● **Web page caption snippets**:
########################################

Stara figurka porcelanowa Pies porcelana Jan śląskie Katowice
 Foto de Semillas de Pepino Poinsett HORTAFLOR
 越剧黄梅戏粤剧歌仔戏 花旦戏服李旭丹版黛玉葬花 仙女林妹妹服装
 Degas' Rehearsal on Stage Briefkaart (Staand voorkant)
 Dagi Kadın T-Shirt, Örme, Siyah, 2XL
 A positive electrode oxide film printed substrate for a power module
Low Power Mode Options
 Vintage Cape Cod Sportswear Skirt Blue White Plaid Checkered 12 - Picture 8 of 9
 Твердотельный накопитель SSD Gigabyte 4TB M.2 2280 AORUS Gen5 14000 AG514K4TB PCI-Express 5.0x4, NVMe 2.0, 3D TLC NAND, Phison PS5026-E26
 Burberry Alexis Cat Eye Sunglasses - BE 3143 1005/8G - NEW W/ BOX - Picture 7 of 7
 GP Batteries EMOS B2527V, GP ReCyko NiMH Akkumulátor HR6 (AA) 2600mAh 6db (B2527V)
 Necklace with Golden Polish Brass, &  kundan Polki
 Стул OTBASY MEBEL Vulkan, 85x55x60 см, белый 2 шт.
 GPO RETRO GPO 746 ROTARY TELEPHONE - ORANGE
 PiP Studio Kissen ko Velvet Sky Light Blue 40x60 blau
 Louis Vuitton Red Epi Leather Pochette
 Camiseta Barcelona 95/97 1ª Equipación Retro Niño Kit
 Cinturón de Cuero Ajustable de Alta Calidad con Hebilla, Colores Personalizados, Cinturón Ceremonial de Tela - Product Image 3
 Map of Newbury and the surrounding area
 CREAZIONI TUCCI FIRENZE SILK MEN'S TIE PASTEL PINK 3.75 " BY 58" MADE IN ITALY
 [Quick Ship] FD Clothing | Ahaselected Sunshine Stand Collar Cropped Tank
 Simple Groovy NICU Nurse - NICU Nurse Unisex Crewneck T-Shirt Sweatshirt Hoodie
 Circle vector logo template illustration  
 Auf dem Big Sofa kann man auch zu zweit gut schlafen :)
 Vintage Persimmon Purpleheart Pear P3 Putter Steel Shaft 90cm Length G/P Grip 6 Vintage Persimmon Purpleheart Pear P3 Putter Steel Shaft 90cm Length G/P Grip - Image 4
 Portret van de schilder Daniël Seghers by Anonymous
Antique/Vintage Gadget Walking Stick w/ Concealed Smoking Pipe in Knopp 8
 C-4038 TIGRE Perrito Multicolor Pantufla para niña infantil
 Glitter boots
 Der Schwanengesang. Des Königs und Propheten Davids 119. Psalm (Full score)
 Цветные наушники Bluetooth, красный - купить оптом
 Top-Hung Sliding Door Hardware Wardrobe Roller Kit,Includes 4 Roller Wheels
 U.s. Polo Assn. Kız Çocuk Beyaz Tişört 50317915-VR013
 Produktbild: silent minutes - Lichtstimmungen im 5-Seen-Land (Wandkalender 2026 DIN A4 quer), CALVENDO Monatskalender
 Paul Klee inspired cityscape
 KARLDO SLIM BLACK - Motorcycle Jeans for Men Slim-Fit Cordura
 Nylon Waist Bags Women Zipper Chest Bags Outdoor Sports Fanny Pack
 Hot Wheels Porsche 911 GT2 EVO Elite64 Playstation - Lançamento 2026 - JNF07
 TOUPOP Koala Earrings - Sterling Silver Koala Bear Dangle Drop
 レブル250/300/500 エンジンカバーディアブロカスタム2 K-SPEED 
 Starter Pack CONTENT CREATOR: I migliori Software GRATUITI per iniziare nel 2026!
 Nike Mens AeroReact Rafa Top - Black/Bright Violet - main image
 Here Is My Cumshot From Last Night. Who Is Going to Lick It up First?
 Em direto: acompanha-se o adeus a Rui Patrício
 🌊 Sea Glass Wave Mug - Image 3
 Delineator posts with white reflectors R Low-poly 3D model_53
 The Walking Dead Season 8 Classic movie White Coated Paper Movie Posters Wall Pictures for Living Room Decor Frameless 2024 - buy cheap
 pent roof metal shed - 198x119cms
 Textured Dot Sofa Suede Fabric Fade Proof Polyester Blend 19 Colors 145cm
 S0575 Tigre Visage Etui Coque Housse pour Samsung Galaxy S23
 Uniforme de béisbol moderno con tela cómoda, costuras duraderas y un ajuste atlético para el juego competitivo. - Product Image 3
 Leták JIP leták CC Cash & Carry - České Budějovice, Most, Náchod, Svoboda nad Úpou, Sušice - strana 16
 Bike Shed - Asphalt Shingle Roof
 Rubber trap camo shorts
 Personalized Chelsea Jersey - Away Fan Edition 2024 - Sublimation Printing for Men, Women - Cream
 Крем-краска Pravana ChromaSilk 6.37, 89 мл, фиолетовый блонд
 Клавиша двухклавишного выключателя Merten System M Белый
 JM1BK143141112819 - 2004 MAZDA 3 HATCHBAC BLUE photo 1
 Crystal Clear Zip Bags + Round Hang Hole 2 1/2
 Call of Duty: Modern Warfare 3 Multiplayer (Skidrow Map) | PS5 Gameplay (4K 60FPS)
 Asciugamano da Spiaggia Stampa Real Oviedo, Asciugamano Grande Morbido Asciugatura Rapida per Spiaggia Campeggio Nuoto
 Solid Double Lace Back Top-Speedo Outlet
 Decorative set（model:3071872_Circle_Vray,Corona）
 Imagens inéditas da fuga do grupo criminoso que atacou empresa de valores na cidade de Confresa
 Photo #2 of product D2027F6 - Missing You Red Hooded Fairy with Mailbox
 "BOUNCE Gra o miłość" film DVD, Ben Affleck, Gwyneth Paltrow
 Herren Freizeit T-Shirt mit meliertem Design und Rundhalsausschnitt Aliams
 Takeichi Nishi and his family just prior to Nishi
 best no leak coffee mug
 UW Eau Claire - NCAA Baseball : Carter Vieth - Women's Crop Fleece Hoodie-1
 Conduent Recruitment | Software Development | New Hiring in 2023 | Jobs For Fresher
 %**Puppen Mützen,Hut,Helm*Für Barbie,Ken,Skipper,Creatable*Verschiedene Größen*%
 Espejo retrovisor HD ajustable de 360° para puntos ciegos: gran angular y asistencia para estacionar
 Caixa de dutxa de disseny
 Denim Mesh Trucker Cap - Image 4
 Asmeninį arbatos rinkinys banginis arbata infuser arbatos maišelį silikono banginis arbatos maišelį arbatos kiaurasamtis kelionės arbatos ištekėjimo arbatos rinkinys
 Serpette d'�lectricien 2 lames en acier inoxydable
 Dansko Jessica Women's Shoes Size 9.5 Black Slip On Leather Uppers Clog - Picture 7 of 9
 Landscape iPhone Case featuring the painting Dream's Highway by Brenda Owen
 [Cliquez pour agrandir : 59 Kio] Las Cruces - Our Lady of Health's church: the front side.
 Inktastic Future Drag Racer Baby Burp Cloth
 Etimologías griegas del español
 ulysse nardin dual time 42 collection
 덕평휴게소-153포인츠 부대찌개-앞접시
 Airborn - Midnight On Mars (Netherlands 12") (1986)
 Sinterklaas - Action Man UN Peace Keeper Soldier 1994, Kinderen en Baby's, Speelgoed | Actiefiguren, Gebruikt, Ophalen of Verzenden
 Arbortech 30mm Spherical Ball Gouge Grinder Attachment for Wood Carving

########################################

● **What you should do**: Reproduce every line of the entries above, unchanged, from the very first one down to and including the line containing "GP Batteries EMOS".

● **Expected output**:
Stara figurka porcelanowa Pies porcelana Jan śląskie Katowice
 Foto de Semillas de Pepino Poinsett HORTAFLOR
 越剧黄梅戏粤剧歌仔戏 花旦戏服李旭丹版黛玉葬花 仙女林妹妹服装
 Degas' Rehearsal on Stage Briefkaart (Staand voorkant)
 Dagi Kadın T-Shirt, Örme, Siyah, 2XL
 A positive electrode oxide film printed substrate for a power module
Low Power Mode Options
 Vintage Cape Cod Sportswear Skirt Blue White Plaid Checkered 12 - Picture 8 of 9
 Твердотельный накопитель SSD Gigabyte 4TB M.2 2280 AORUS Gen5 14000 AG514K4TB PCI-Express 5.0x4, NVMe 2.0, 3D TLC NAND, Phison PS5026-E26
 Burberry Alexis Cat Eye Sunglasses - BE 3143 1005/8G - NEW W/ BOX - Picture 7 of 7
 GP Batteries EMOS B2527V, GP ReCyko NiMH Akkumulátor HR6 (AA) 2600mAh 6db (B2527V)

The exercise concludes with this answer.